David again gathered all the chosen men of Israel, thirty thousand. David and all the people with him set out and went from Baale-judah, to bring up from there the ark of God, which is called by the name of the Lord of hosts who is enthroned on the cherubim. They carried the ark of God on a new cart, and brought it out of the house of Abinadab, which was on the hill. Uzzah and Ahio,[the sons of Abinadab, were driving the new cart with the ark of God; and Ahio went in front of the ark. David and all the house of Israel were dancing before the Lord with all their might, with songs and lyres and harps and tambourines and castanets and cymbals.
When they came to the threshing-floor of Nacon, Uzzah reached out his hand to the ark of God and took hold of it, for the oxen shook it. The anger of the Lord was kindled against Uzzah; and God struck him there because he reached out his hand to the ark; and he died there beside the ark of God. David was angry because the Lord had burst forth with an outburst upon Uzzah; so that place is called Perez-uzzah to this day…
…So David went and brought up the ark of God from the house of Obed-edom to the city of David with rejoicing; and when those who bore the ark of the Lord had gone six paces, he sacrificed an ox and a fatling. David danced before the Lord with all his might; David was girded with a linen ephod. So David and all the house of Israel brought up the ark of the Lord with shouting, and with the sound of the trumpet. As the ark of the Lord came into the city of David, Michal daughter of Saul looked out of the window, and saw King David leaping and dancing before the Lord; and she despised him in her heart.
…David returned to bless his household. But Michal the daughter of Saul came out to meet David, and said, ‘How the king of Israel honoured himself today, uncovering himself today before the eyes of his servants’ maids, as any vulgar fellow might shamelessly uncover himself!’ David said to Michal, ‘It was before the Lord, who chose me in place of your father and all his household, to appoint me as prince over Israel, the people of the Lord, that I have danced before the Lord. I will make myself yet more contemptible than this, and I will be abased in my own eyes; but by the maids of whom you have spoken, by them I shall be held in honour.’ And Michal the daughter of Saul had no child to the day of her death.
David was a pretty boy. When Samuel picked him out to succeed Saul as King he was the Cinderella of the family – left on the hillside to keep the sheep while his elders and betters met the prophet in Jesse’s house at Bethlehem. He became Prince Charming – red-haired, beautiful eyes and handsome (1 Samuel 16). He ruled for 40 years through good times and bad, always a charmer, especially with other men’s wives. Senior Citizens like me saw the movie: “David and Bathsheba” (Gregory Peck and Susan Hayward 1951). David was chosen to do God’s work not because he was a saint but because he knew in his heart that he was God’s servant before he could be Israel’s king, whether he liked it or not, We are chosen too.
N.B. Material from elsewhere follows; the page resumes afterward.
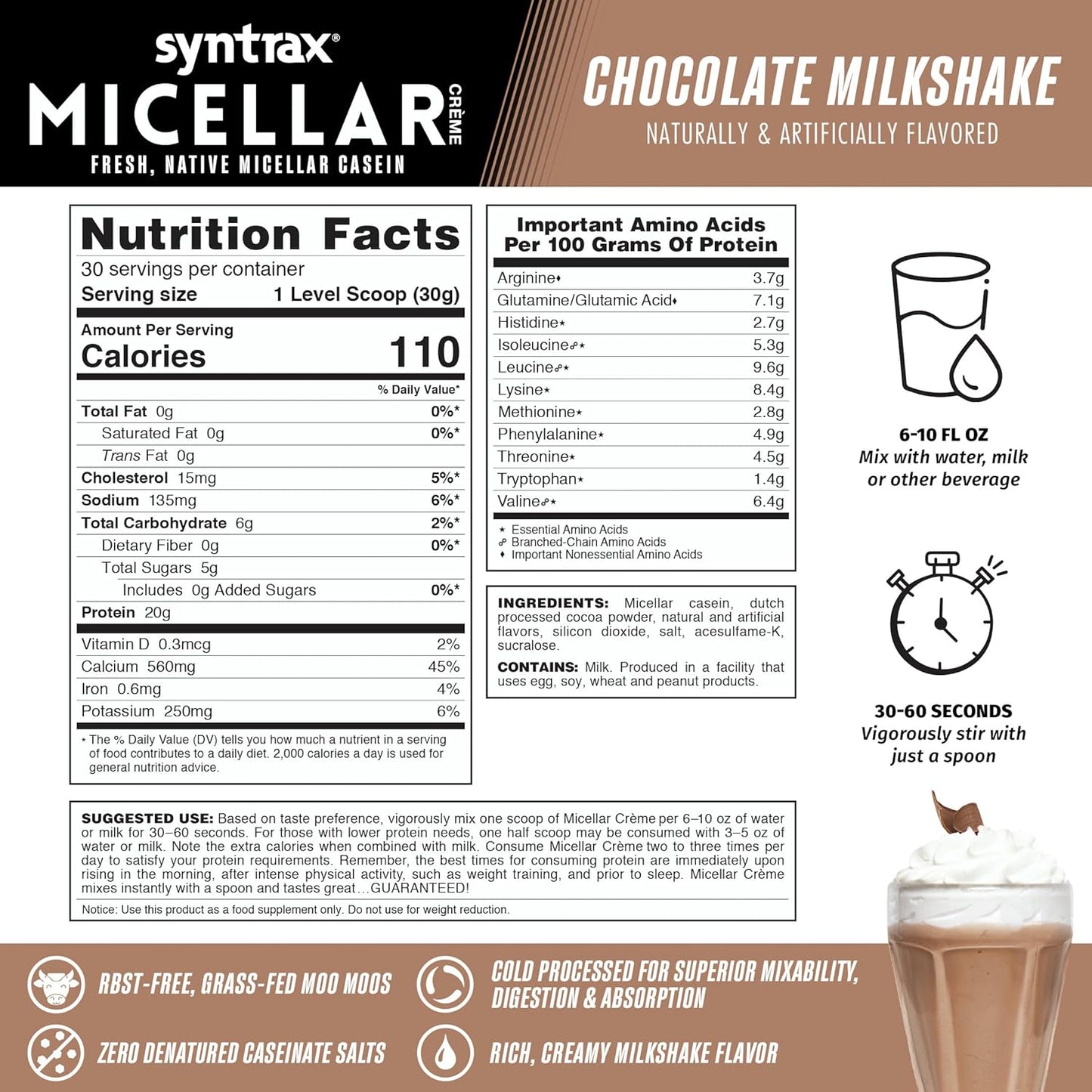 syntrax-nutrition-micellar-creme-chocolate-milkshake-2-lb---fresh-native-micellar-casein-protein-powder-3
David “danced before the Lord” with all his people – the cymbals, tambourines, and harps joined in. You don’t get that in “Strictly”. David danced before the Lord, not the Ark. The Ark was only the symbol of God’s presence, accompanying Israel on their wanderings and battles. Their neighbours and enemies had special places where the gods lived: sacred shrines and special stones. But Israel’s God was everywhere and anywhere. The Ark was their reassurance; it was powerful (see “Raiders of the Lost Ark”) but not the reality, David knew that, and that was why he danced wearing nothing more than a linen ephod, not like a king, but like a priest, a servant of God, much to his straight-laced wife’s disgust, David knew it was better to dance for joy in your boxers than pretend to be what you are not. Reflect on this moment in the great story of our deliverance, from the house of Jesse in Bethlehem and on to Jerusalem to find the King of Kings dancing to his cross so that we might be the forgiven and redeemed people of God (“The Greatest Story Ever Told” Technicolour 1965).
Seven whole days, not one in seven, I will praise Thee, In my heart, though not in heaven, I can raise Thee; Small it is in this poor sort to enrol Thee, E’en eternity’s too short to extol Thee
The Rev’d Peter Moth is a retired minister in the Northern Synod and a member of St Andrew’s URC, Kenton, Newcastle upon Tyne.